John Buckingham (Ben Chaplin) is an ordinary bank employee who lives a modest life in his small home. He is also extremely lonely. Rather than finding a mate through the usual channels, he decides to order a Russian bride through an online service called ''From Russia With Love,'' specifying that the young woman speak English. Arriving at the airport a few weeks later, Nadia (Nicole Kidman), a shy, chain-smoking, dark-haired beauty who can only manage the word ''yes'' anxiously awaits to be taken to her new home. John is not happy at first. He really wanted a companion he could talk to, so he tries to send her back. But once she displays her true talent in bed, he changes his mind and begins to fall in love with her. All is going well until on the day she says is her birthday, her two ''cousins'' Alexei (Vincent Cassel) and Yuri (Mathieu Kassovitz) show up. Then all hell breaks loose. Before John knows it, his little life is turned upside down. First, Alexei takes Nadia hostage and forces John to rob his own bank, but that's only the beginning of John's misadventures. He soon discovers the real relationship between these three mad Russian scam artists--and ends up taking matters into his own hands.
The versatile Kidman finally gets down and dirty in a film. Not quite femme fatale (which she played so brilliantly in To Die For) but certainly no saint, the actress throws away the glamour and her usual ice-princess persona and gives us a grungy Russian girl caught in a delicate situation. On the one hand, she begins to care for the guy she is duping and on the other, she has a mean-spirited Russian boyfriend whom she thinks she loves and feels obligated to obey. Even though she does a fairly convincing Russian accent, the role won't be considered one of her best. Yet, it is a refreshing change of pace, given her more recent star-making turn in last year's glitzy Moulin Rouge. Chaplin (The Thin Red Line) also does a nice job playing the part of a straight-and-narrow guy. Little by little, Chaplin's character's meek façade is chipped away--beginning with revealing his secret sexual preferences and culminating to his strong resolve to save the girl. It looks like he has fun. French actors Kassovitz and Cassel adequately play the good Russian/bad Russian characters but are pretty much left as stereotypical villains.

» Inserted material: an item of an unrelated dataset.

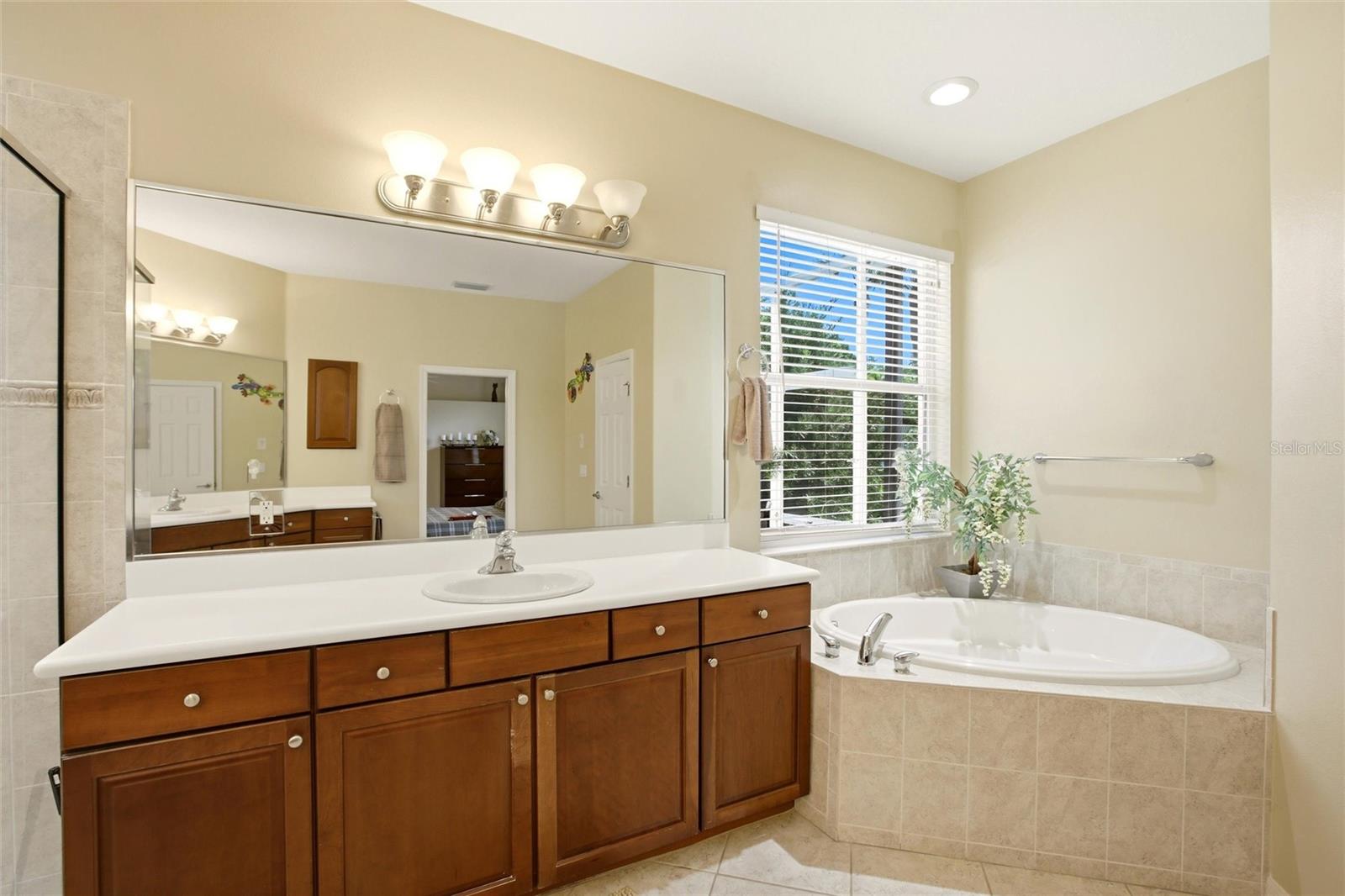 RIVER PLACE - Residential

Girl doesn't really offer anything new to the tired plot scenario of a nebbish geek who gets his life changed for the better by a reckless woman, but the script by Jez and Tom Butterworth throws in enough quirky attributes to keep the film somewhat engaging. Starting with the opening sequence with John attempting to submit an online video of himself (he states his hobbies are ''running, staying in, going out'') we know we may be in for something a little different. Another hilarious moment is when after John absconds with the money, his uptight bank supervisor tells us how hard banking really is: ''We are saying, here's all this money. Don't steal it.'' Even John's reaction to being duped, getting into a fistfight with Nadia, isn't what we expect. Yet, with all the little twists and good performances, the film unfortunately still lapses into predictable fare. The motivations of the characters don't really hold up, especially in the fact that John would risk everything on a girl he still barely knows. There are just too many holes in the story to make the film truly memorable.
Birthday Girl is not a terrible movie, but there's nothing truly remarkable about it to make it stand out.